20 Quant à eux, ils partirent prêcher partout : le Seigneur agissait avec eux et confirmait la Parole par les signes qui l’accompagnaient.

*

« Ils nous ont témoigné une humanité peu ordinaire » (Ac 28, 2). Ce sont les mots qu’ont retenus nos frères et sœurs maltais préparant cette célébration œcuménique 2020. « Ils », à savoir, dans le texte, « les autochtones », maltais du 1er siècle donc, accueillant avec une humanité rare des naufragés échoués sur leur terre. Comment ne pas penser, avec nos frères et sœurs maltais, à notre actualité méditerranéenne, avec ses réfugiés, naufragés s’échouant sur les côtes européennes ? Or, ce que nous enseignent les textes que nous avons entendus c’est que nous, humanité, serons sauvés tous ensemble, ou condamnés tous ensemble…

Le texte des Actes des Apôtres nous fait toucher du doigt que l’accueil, avec cette humanité peu ordinaire qu’ont montrée les Maltais, est un bénéfice… pour ceux qui accueillent ! Cela a été un bénéfice pour les Maltais du premier siècle ! Chose que l’on ne sait pas à l’avance, comme les Maltais des Actes des Apôtres ne l’ont d’abord pas su. On ne sait pas par où Dieu nous fait advenir ses dons… L’Épître aux Hébreux le dit ainsi : « certains ont logé des anges sans le savoir » (Hé 13, 2). En écho, le constat des Maltais à propos de Paul en Ac 28, 6 : « c’est un dieu », selon leur vocabulaire propre, c’est-à-dire ; en termes bibliques, un ange, messager de Dieu ! Cela après qu’ils eussent pensé — Ac 28, 4-6 : « Cet homme est certainement un assassin… » Accueille-t-on, avec humanité, une menace, comme le disent certains, comme la menace d’une vipère que l’on réchauffe en son sein, ou accueille-t-on sans le savoir notre salut ? — porté alors par Paul, considéré d’abord comme « un assassin », suite à ce signe néfaste : une vipère.

*

« La chaleur [du feu préparé par les Maltais] en a fait sortir une vipère qui s’accrocha à [la] main [de Paul]. À la vue de cet animal qui pendait à sa main, les autochtones se disaient les uns aux autres : "Cet homme est certainement un assassin ; il a bien échappé à la mer, mais la justice divine ne lui permet pas de vivre." » (Ac 28, 3-4). Mais non ! La vipère ne lui fait aucun mal. C’est donc plutôt « un dieu », un ange. Ce qui se confirme par les guérisons qu’il opère (Ac 28, 3-9) — où, nous, lecteurs de la Bible, retrouvons les signes accompagnant les Apôtres selon Marc (16, 20) : « le Seigneur agissait avec eux et confirmait la Parole par les signes qui l’accompagnaient » — selon la promesse de Jésus (Mc 16, 17-18), dont il convient de la lire comme faisant suite à l’annonce (au verset qui précède, v. 16) de la menace d’une condamnation, pour la renverser : « en revanche, signes pour ceux qui auront cru, ces [signes des envoyés les] accompagneront en mon nom : [les envoyés] chasseront les démons, ils parleront des langues nouvelles, ils prendront dans leurs mains des serpents, et s’ils boivent quelque poison mortel, cela ne leur fera aucun mal ; ils imposeront les mains à des malades, et ceux-ci seront guéris. »
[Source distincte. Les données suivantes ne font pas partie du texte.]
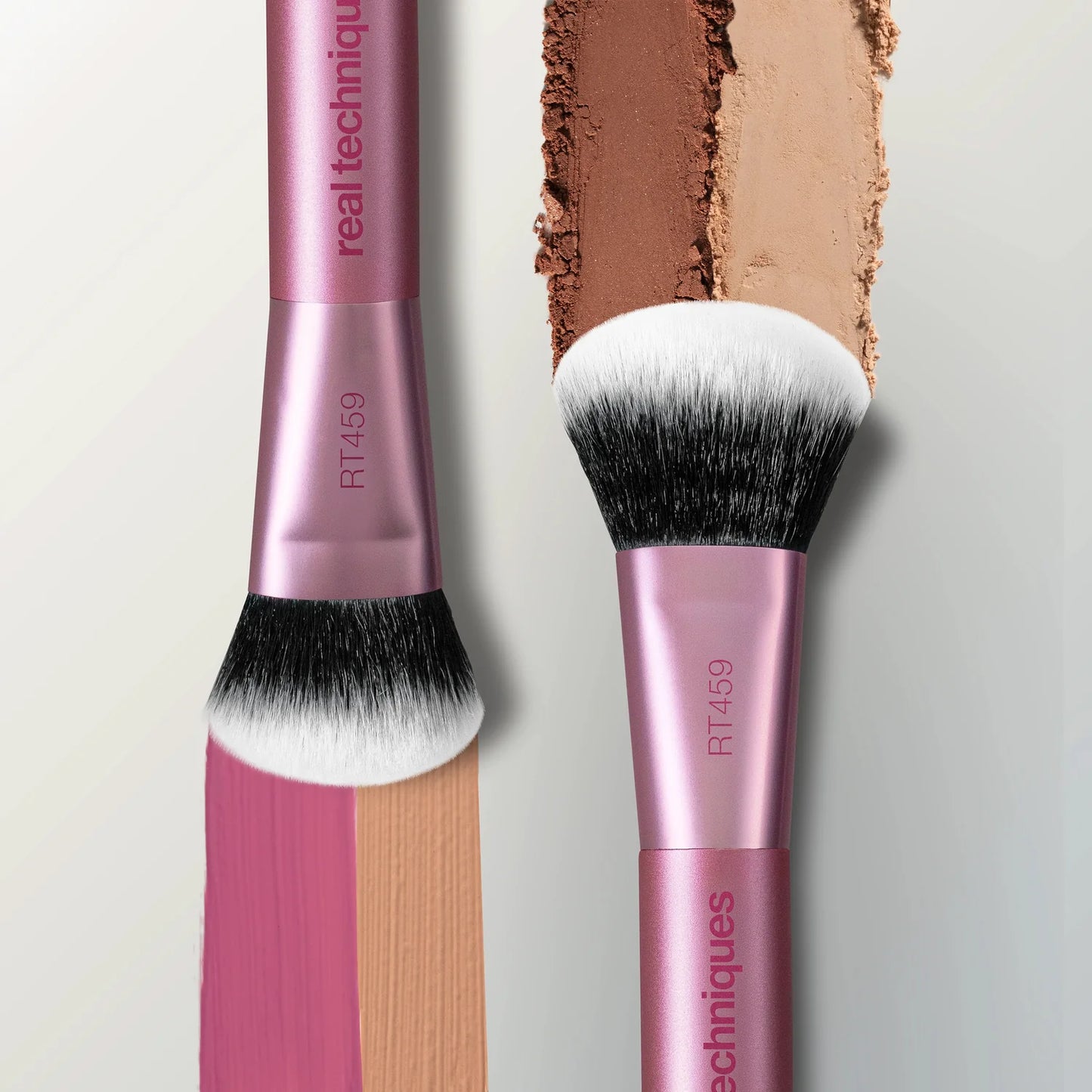 Ultimate Multi-Tasker Brush Real Techniques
Ce sont bien les envoyés, ici Paul, qui opèrent les signes, pas les Maltais, qui eux, en sont bénéficiaires (« signes pour ceux qui auront cru », rapporte Marc 16, 17-18).

En parallèle, comme après coup, l’Épître aux Hébreux rappelle, au passé (ch. 2, 3b-4) : « […] un pareil salut, qui commença à être annoncé par le Seigneur, puis fut confirmé pour nous par ceux qui l’avaient entendu, et fut appuyé aussi du témoignage de Dieu par des signes et des prodiges, des miracles de toute sorte, et par des dons de l’Esprit Saint répartis selon sa volonté » — où l’on retrouve notre « finale longue » de Marc, ch. 16, 19-20 : « le Seigneur Jésus, après leur avoir parlé, fut enlevé au ciel et s’assit à la droite de Dieu. Quant à eux, ils partirent prêcher partout : le Seigneur agissait avec eux et confirmait la Parole par les signes qui l’accompagnaient. »

Bref, on a affaire à des signes de la fin (i.e. eschatologiques). Des signes de ce que le Royaume qui s’est approché en Jésus s’est approché de nous par la Parole de ses envoyés : des signes miraculeux accompagnent dans la Bible les temps où le Royaume s’approche. Ils n’adviennent qu’en ces temps-là, depuis Moïse et les Prophètes : lors du don de la Loi (signes opérés par Moïse et ses successeurs), au temps des Prophètes bibliques (Élie, puis Élisée), lors de la venue du Règne de Dieu en Jésus (par Jésus, puis les Apôtres).

Signes du Royaume. Ce qui se confirme par le texte des Actes des Apôtres que nous avons entendu — où nous est montré un Paul devenu quasi « capitaine » du navire dans la tempête pour le conduire à bon port ! Dans l’espérance du Royaume promis.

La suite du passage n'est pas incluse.